■ TRY IT ■
Every line below from the one with "Ted Baker Beatti" through the one with "Bijou Crystal Enamel" is to be repeated exactly, with no picture among them.

■ PROVIDED MATERIAL ■
***

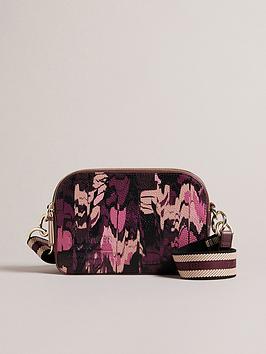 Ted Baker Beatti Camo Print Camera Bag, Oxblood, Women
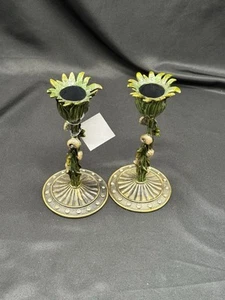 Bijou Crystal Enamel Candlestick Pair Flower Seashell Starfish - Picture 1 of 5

***

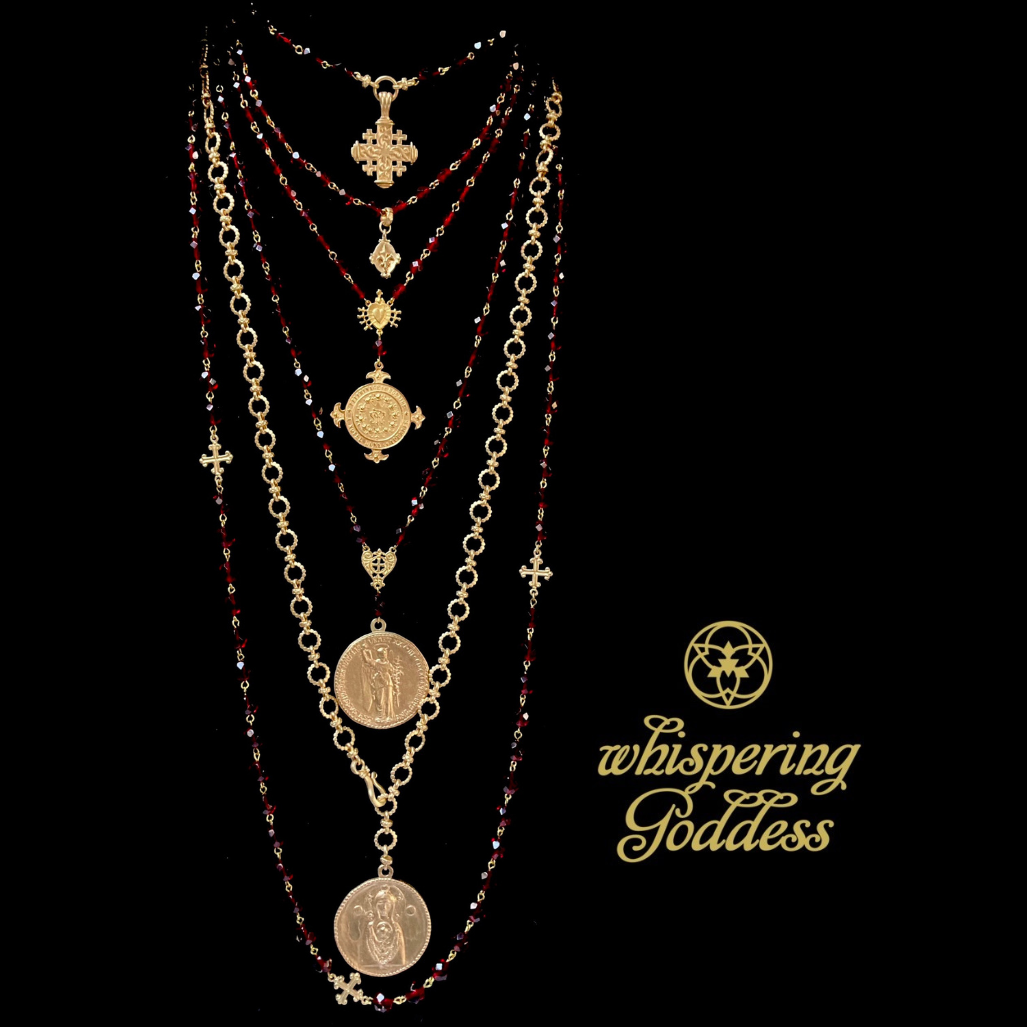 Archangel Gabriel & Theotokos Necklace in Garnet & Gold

***

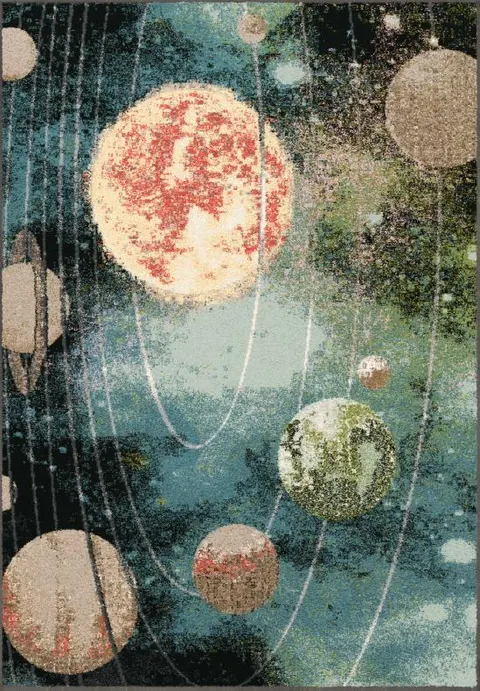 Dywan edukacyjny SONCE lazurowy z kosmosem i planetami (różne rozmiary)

***

■ RESPONSE TO THIS EXERCISE ■
 Ted Baker Beatti Camo Print Camera Bag, Oxblood, Women
 Bijou Crystal Enamel Candlestick Pair Flower Seashell Starfish - Picture 1 of 5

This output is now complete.